What the task asks: From the line that contains "Watch Grand Prix Driver Xmovies8" down to the final line of the listing below, set down every line exactly, both ends included, and drop the pictures.

Data:
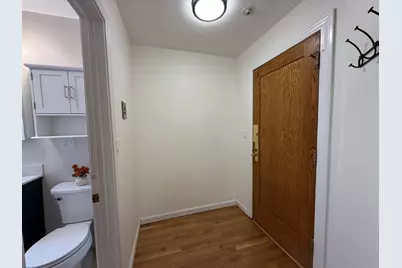 88 Gordon Street #304, Boston, MA 02135 - Photo 25
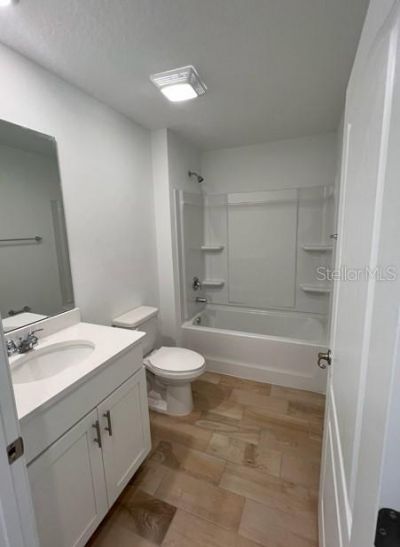 105 Green Circle, Palm Coast, FL 32164 Photo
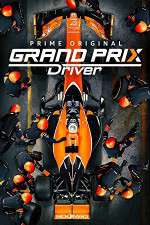 Watch Grand Prix Driver Xmovies8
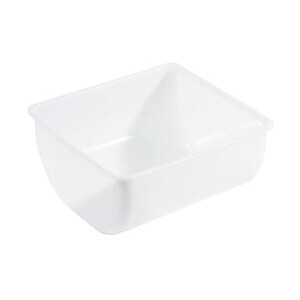 Einsatz zu Gewürzkasten 0,75 l Contacto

Exercise answer:
 Watch Grand Prix Driver Xmovies8
 Einsatz zu Gewürzkasten 0,75 l Contacto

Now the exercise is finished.